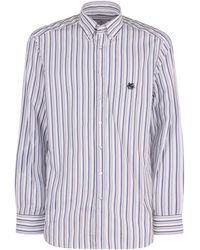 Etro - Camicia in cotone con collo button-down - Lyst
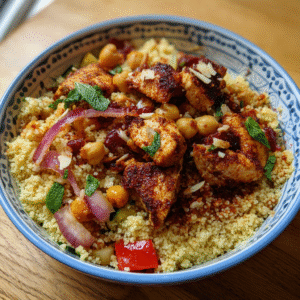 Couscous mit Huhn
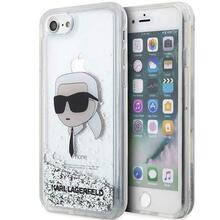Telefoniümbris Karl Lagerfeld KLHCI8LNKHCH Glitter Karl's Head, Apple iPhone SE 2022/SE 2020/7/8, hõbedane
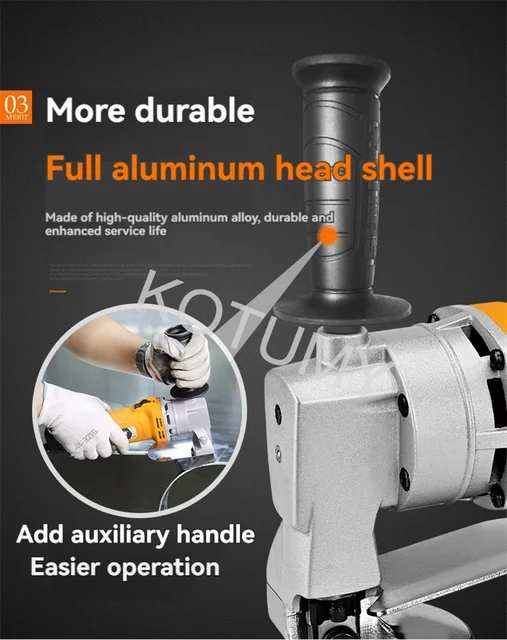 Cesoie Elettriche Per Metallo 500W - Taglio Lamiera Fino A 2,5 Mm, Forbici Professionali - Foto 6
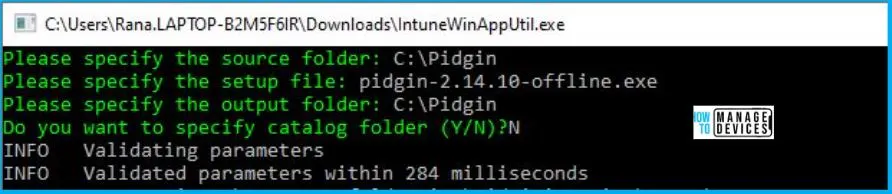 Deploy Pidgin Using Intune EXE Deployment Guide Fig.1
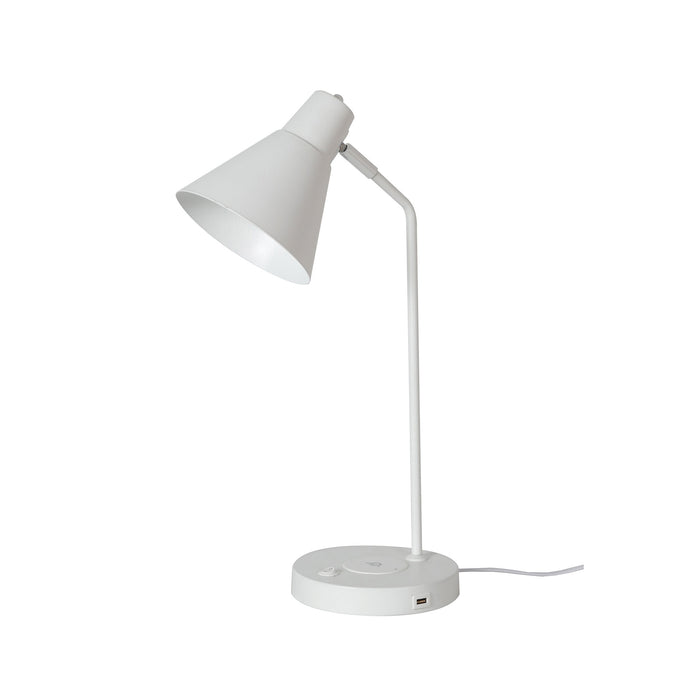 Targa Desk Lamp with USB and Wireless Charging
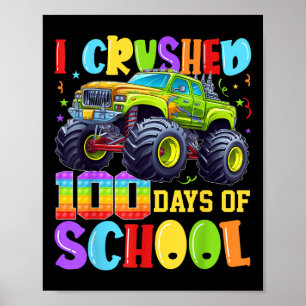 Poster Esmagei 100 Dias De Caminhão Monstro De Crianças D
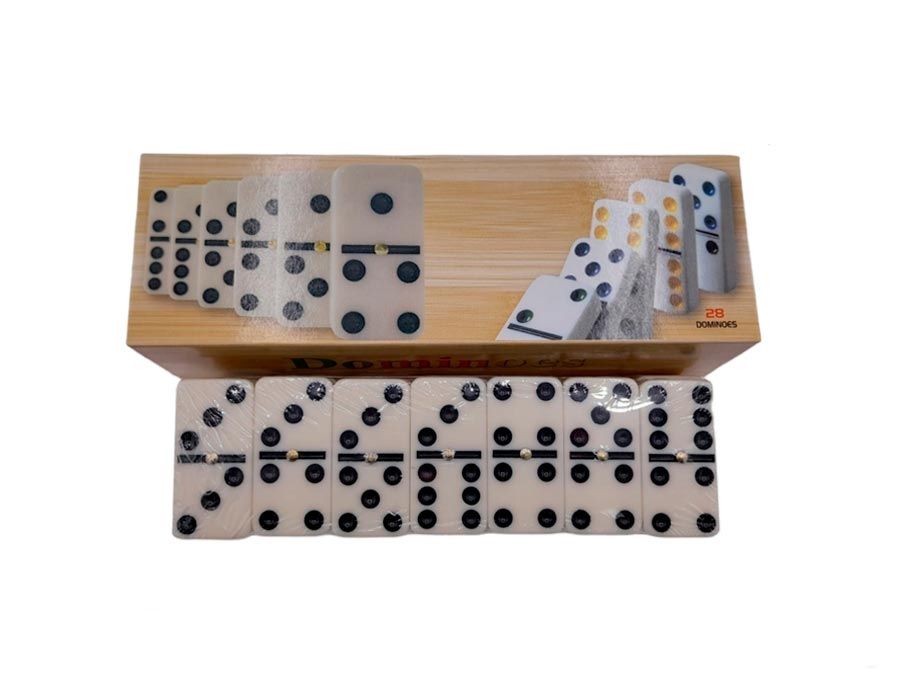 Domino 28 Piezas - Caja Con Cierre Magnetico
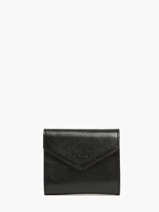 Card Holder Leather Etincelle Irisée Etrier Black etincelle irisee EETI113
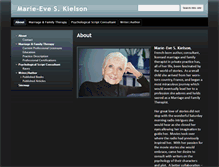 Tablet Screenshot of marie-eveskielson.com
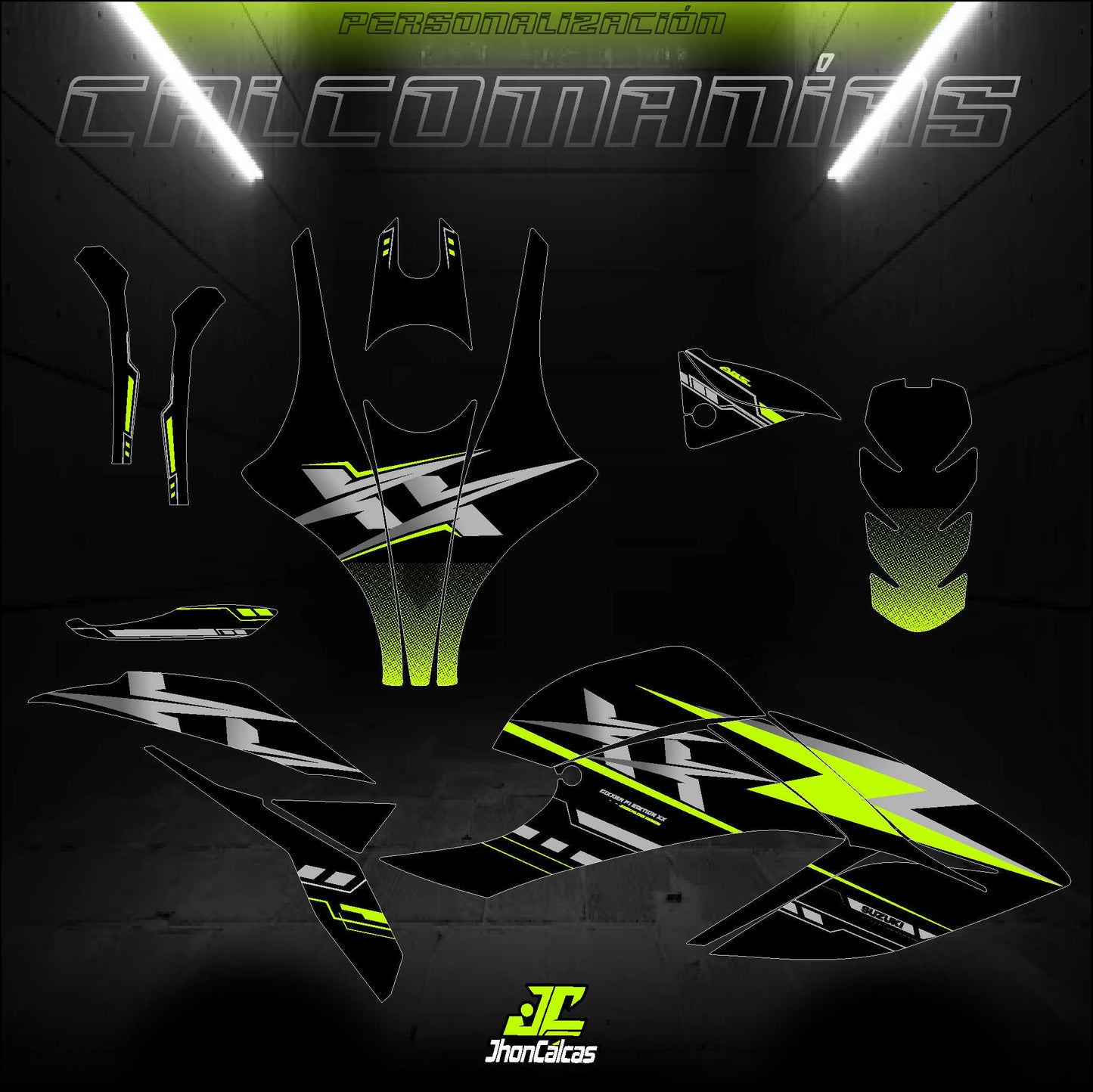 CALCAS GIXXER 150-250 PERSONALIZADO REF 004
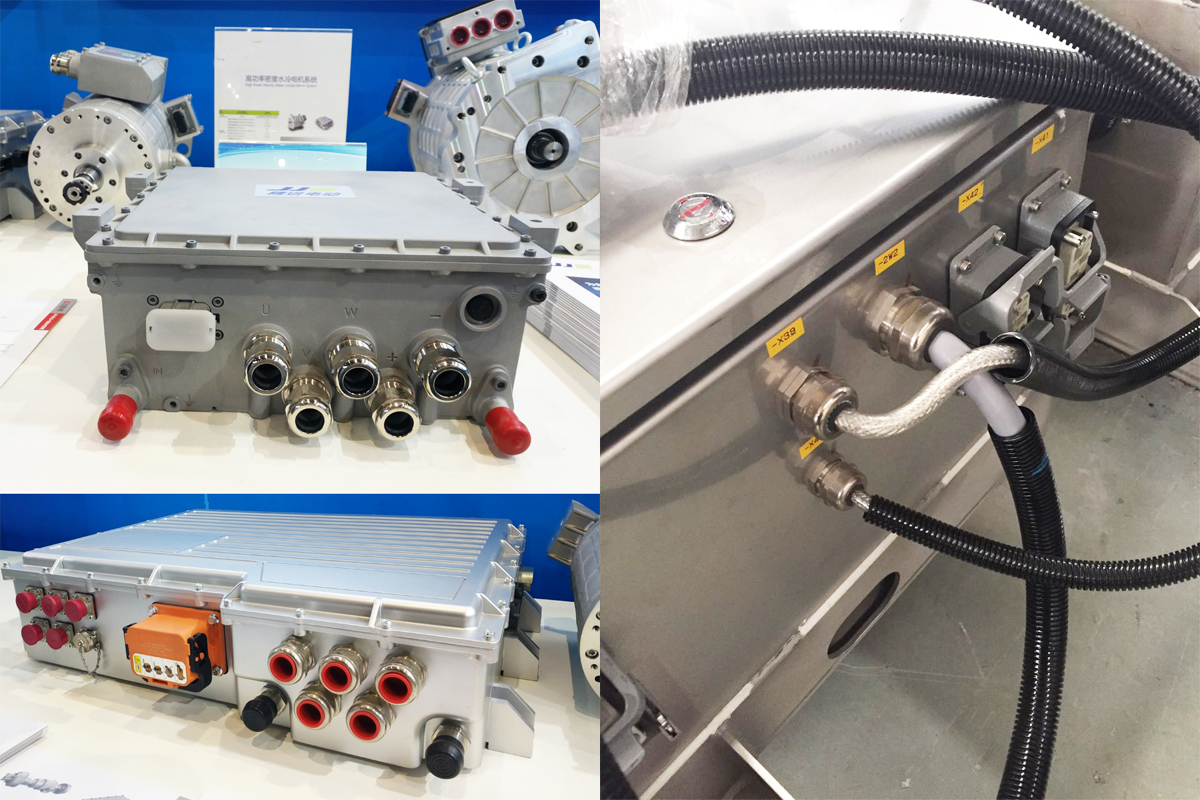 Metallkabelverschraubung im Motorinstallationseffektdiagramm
####
A word-for-word copy of the listing is needed, with no pictures in it.

## Response
 Etro - Camicia in cotone con collo button-down - Lyst
 Couscous mit Huhn
Telefoniümbris Karl Lagerfeld KLHCI8LNKHCH Glitter Karl's Head, Apple iPhone SE 2022/SE 2020/7/8, hõbedane
 Cesoie Elettriche Per Metallo 500W - Taglio Lamiera Fino A 2,5 Mm, Forbici Professionali - Foto 6
 Deploy Pidgin Using Intune EXE Deployment Guide Fig.1
 Targa Desk Lamp with USB and Wireless Charging
 Poster Esmagei 100 Dias De Caminhão Monstro De Crianças D
 Domino 28 Piezas - Caja Con Cierre Magnetico
 Card Holder Leather Etincelle Irisée Etrier Black etincelle irisee EETI113
 Tablet Screenshot of marie-eveskielson.com
 CALCAS GIXXER 150-250 PERSONALIZADO REF 004
 Metallkabelverschraubung im Motorinstallationseffektdiagramm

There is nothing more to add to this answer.